Two percent inflation is essential to the illusion
Jared Bernstein in WaPo recently said, “Why is 2 percent the Federal Reserve’s inflation target? Because it is.” The idea being that the world’s central bankers and economists and money men pulled this number out of their left ears because they didn’t know what else to say.
But Martin Wolf actually gave a real answer to that question, which had been bothering me for years.
[E]xperience shows that the low inflation targets to which policy makers are committed are not high enough to ensure short-term interest rates can remain above zero in all circumstances….
His article is on another topic — the need for financial reform — but that sentence gave me an Aha! moment.
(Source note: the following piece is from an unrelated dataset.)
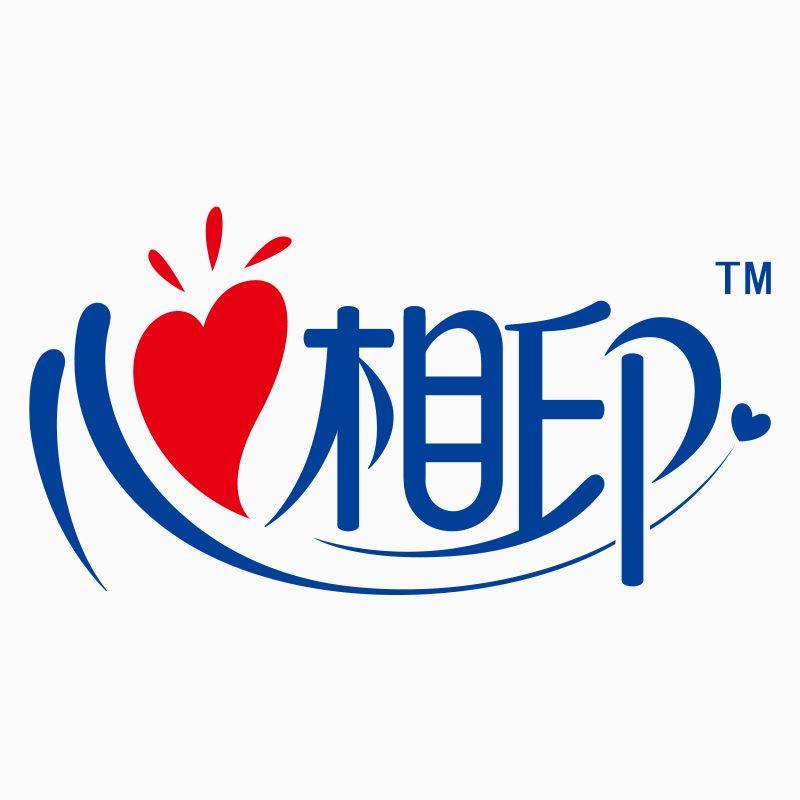 纸卫巾生家居日用馆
Interest rates have to be high enough so that people with money feel they’re getting something for it, even if in reality they aren’t.
If, in reality, they’re not getting anything then the honest interest rate would be zero percent. But who wants that? You might as well have kept your money in your mattress and saved yourself the fifteen cents of gas getting to the bank to open an account. Then, of course, nobody could use your money to make money. The powers-that-be are terrified of people deciding to keep their money in mattresses.
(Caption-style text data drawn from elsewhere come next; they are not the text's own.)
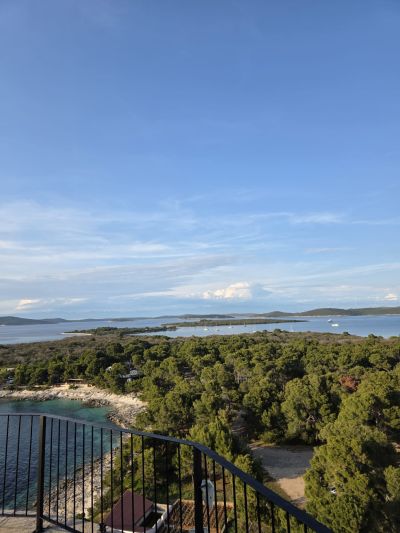 Slika dugi-otok-izlet-brodom-boat-21.jpg 1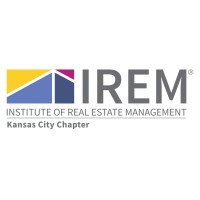 IREM Kansas City logo - Similar company to Ifma Kansas City Chapter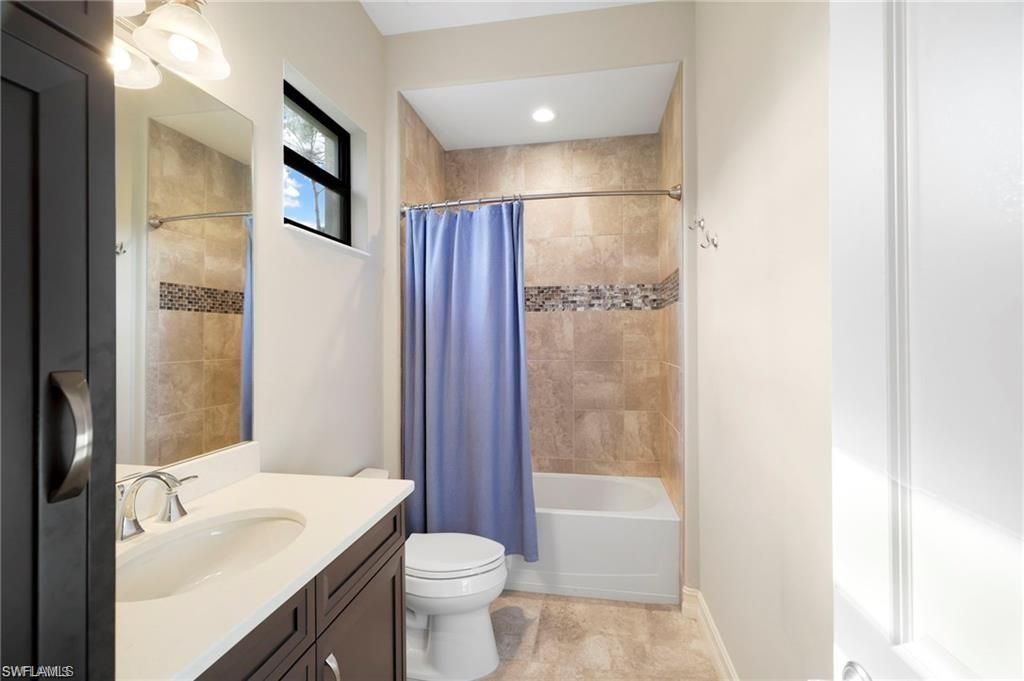 12090 Musket Ln , Fort Myers, FL 33912 Photo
So it’s vital to give people the illusion that they’re getting something for their money. Obviously, if the best you can do is zero, a 10% interest rate (and 10% inflation) is a much more exciting illusion than 2%. But the problem with high inflation is it starts running away with itself and the whole economy lands in the shredder. Two percent, on the other hand, seems to be about the lowest return that still motivates people to buy bonds. (Wolf’s point is that 2% isn’t working. The illusion needs to be set higher, at 4% perhaps.) The fact that it’s fictional if there’s matching inflation doesn’t matter. Even professionals buy the things so long as there’s at least a small positive number attached. (They report their year-end results in ordinary numbers, not inflation-adjusted ones.)
It’s a shell game, in which you provide money in the hope of gain. By the time you find out it was all fairy money, it’s too late to do anything about it.
And that’s why there’s a 2% target for inflation.